A soltura de presos também vem sendo discutida entre as instituições. A determinação é consultar se o preso tem alvará no Banco Nacional de Mandados de Prisão (BNMP) do Conselho Nacional de Justiça (CNJ), o SEEU, as varas do TJRJ e a Polinter.

— É um problema nacional. A nossa maior preocupação é soltar um preso indevidamente. Futuramente, com o BNMP 3.0 do CNJ, muito mais rigoroso, isso vai acabar, porque ficamos vulneráveis — afirma a secretária.

Cinco perguntas para Maria Rosa Lo Duca:

1. Qual foi o maior absurdo que a senhora detectou ao assumir a pasta?

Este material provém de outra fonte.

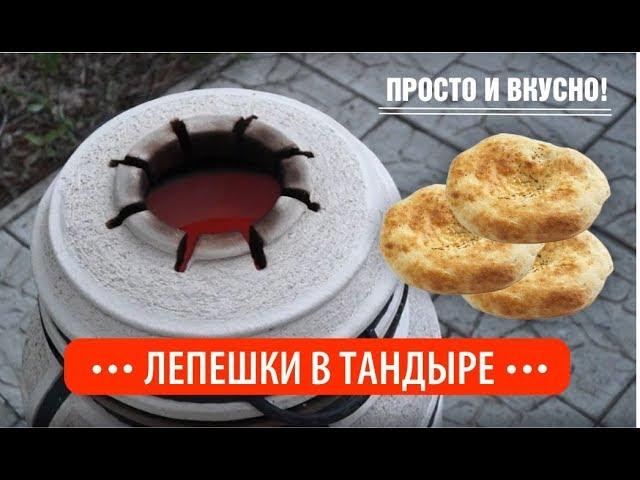 Лепешки в тандыре! Готовим просто и вкусно!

Foi chegar aqui e ver que não tinha um cadeado. Não havia insumos básicos, o que reflete a falta de gestão. Havia o dinheiro do Funpen, mas o repasse ficava retido por não apresentarem planilhas com o planejamento no fim do ano. Chega a ser um absurdo, pois é um dinheiro super necessário para aplicar na ressocialização do apenado. Além disso, o sucateamento dos equipamentos, já muito antigos, não supriam as necessidades da pasta. O controle das entradas de Gericinó na base do caderno e da caneta. Com o dinheiro represado, compramos desde servidores hiperconvergentes, sistema integrado de armazenamento, processamento, rede e gerenciamento de dados, e, sim, os 4.500 cadeados. Também compramos 540 computadores, 68 novas espingardas calibre 12 para os policiais penais, 6 pick-ups operacionais e dois aparelhos de raio-x. Além disso, teremos uma ferramenta que ajudará a nossa Subsecretaria de Inteligência a investigar o preso, quando forem apreendidos celulares na cadeia: o software Cellebrate (pelo programa é possível extrair mensagens e dados, inclusive apagados de aparelhos celulares).

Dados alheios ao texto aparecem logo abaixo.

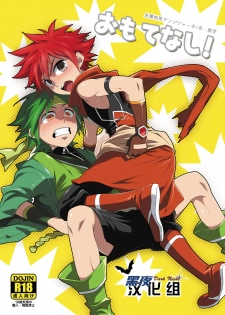 [Panda#4 (Shima Kyousuke)] Omotenashi! (Kyuushuu Sentai Danjiger) [Chinese] - page 1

2. Então não será mais necessário deixar os aparelhos apreendidos com os presos na delegacia?

Nos casos de pequeno potencial, nós mesmos faremos o registro pelo Sistema de Ocorrência Virtual (Sovi) da Polícia Civil. Foi firmado um convênio entre as duas secretárias. Não é mais necessário ir à delegacia, só nos casos de apreensão de drogas na cadeia. Celulares ficarão conosco para aprofundarmos nas investigações. Os policiais penais registram as ocorrências e a nossa inteligência analisa os aparelhos.

3. Ex-secretários da Seap foram alvos de investigações do MP por contratos de alimentação fraudulentos. O que a senhora tem feito para evitar que isso se repita?

Licitamos e aumentamos a fiscalização da execução dos contratos por parte dos fornecedores para melhorar a qualidade do serviço prestado. Como resultado, só nesses nove meses, a Seap multou em R$ 8 milhões empresas responsáveis pelo fornecimento de refeições para as unidades prisionais por entregarem quentinhas em desconformidade com o contrato. Advertimos antes, mas com a reincidência, multamos. Das sete empresas que prestam o serviço de alimentação, apenas duas não foram multadas. Mesmo que estejam recorrendo na Justiça, o que é um direito delas, o recado foi dado: tem que cumprir o contrato.

4. O que fazer para o preso voltar melhor para a sociedade?

Dá cursos e dignidade para eles. O Talavera Bruce (penitenciária feminina) já tem vocação para a costura. Das 30 máquinas existentes, temos 18 delas paradas. Queremos, no mínimo, retomar esse tipo de atividade por lá, fazer o uniforme da pessoa privada de liberdade e, no futuro, se tudo der certo, até dos policiais. Mão de obra a gente tem. Nestes nove meses, visitamos os estados de São Paulo, Maranhão, Ceará e Brasília, que estão muito mais adiantados do que nós nessa questão. Num deles, os internos produzem refletor de led para vender para fora do país. É possível, temos é que colocar em prática.

5. Qual o seu maior desafio hoje?

É implantar todos esses projetos voltados para a ressocialização do preso. Para isso, precisamos estar com as cadeias tranquilas. O preso só tem a ganhar.